Simultaneously, there has been a push to make individuals responsible for their own financial retirement planning in an environment of greatly increased longevity, a declining number of employer pension plans and defined benefit pensions (Holzmann, 2013) and an increasingly complex financial services industry. These factors increase the need for individuals to seek professional financial advice. Despite the spread of the CFP designation and a growth in demand for professional financial advice, the CFP has not become an established profession yet.
Our research investigates the challenges the CFP credentialing professional bodies face in Australia, Canada and South Africa. Previous research on this topic has focused on only one country and looked more broadly at the financial services industry as a whole (Clarke, 2000; Cull, 2009; Richards et al., 2022b). Using in-depth interviews with participants working for or connected with the professional body and extensive documentary evidence, we focus on what jurisdiction these bodies are seeking to create for CFPs. Importantly, we elaborate on the shared barriers that inhibit, and shared enablers that could propagate, the professionalisation of financial planning in the three countries.
CFPs are situated in much broader industry structures. They are part of the financial advice industry, including more specific work like investment advice, portfolio management, insurance agents and consumer and mortgage lenders. The financial advice industry in turn is part of the much larger retail finance industry. Large banks, trust companies, insurance companies, investment management companies of various sorts and consumer and mortgage loan companies dominate retail finance (West, 2023). The great majority of CFPs work directly for these large companies or operate in smaller groups that are primarily agents for the financial products that these large companies sell. Only a few CFPs in each country offer exclusively comprehensive financial planning without selling any financial products. It is an inescapable part of a family’s financial plan that it will require specific products like mortgages, investments and insurance contracts to carry out the plan. The compensation for these products is not tied to the quality of any advice, but rather to commissions, employee salaries and bonuses and asset management fees. The conflict of interest is obvious, and it appears in our evidence.

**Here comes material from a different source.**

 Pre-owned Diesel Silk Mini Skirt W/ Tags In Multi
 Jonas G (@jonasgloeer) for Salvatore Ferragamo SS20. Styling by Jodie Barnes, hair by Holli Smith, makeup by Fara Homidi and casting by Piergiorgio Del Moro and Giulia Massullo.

The jurisdiction that CFPs want to own is the provision of comprehensive and holistic financial planning. However, this jurisdiction is not clear to those outside of financial planning, creating confusion. Barriers to creating a clear jurisdiction are the origin of financial planning as a sales-oriented occupation, remuneration models that do not suit professionalisation, a membership that cannot change to new ways of delivering financial planning, and counterclaims to the advancement of financial planning from other industry stakeholders. Despite this, some enablers of professionalisation exist. Regulators have an accepting attitude towards professionalising financial advice, technological advancement such as robo-advisors providing financial advice will edge out low-quality financial advice and the CFP bodies’ development of the knowledge base and educational standards supports their claim to professional status.
Overall, our research adds to the theory of professionalisation by showing a rich depiction of the struggles of a professional body trying to professionalise. We also make suggestions that CFP bodies should adopt to professionalise financial planning. These address the ethical issue of remuneration models by creating and researching alternatives, building a strong connection between research on financial planning and the CFP body of knowledge and adopting a strong client interest position by bodies themselves.
2. Literature review
The literature review starts with definitions of financial planning and profession before explaining a theoretical lens to situate our evidence in this enquiry. Let us start with financial planning, which is defined as:
a disciplined, multi-step process of assessing a client’s current financial and personal circumstances against their future desired state and developing strategies that help the client meet their personal goals, needs and priorities in a way that aims to optimize the allocation of their resources. Financial planning considers the interrelationships among relevant financial planning areas in formulating appropriate strategies. Financial planning areas include financial management, investment planning, insurance and risk management, retirement planning, tax planning, estate planning and legal aspects (FP Canada Standards Council, 2022: 2).
While this definition is from Canada, it is indistinguishable from those in most countries. It emphasises the comprehensive nature of financial planning as distinct from more narrowly-defined retail financial services like selling investments and insurance, personal loans and tax return preparation.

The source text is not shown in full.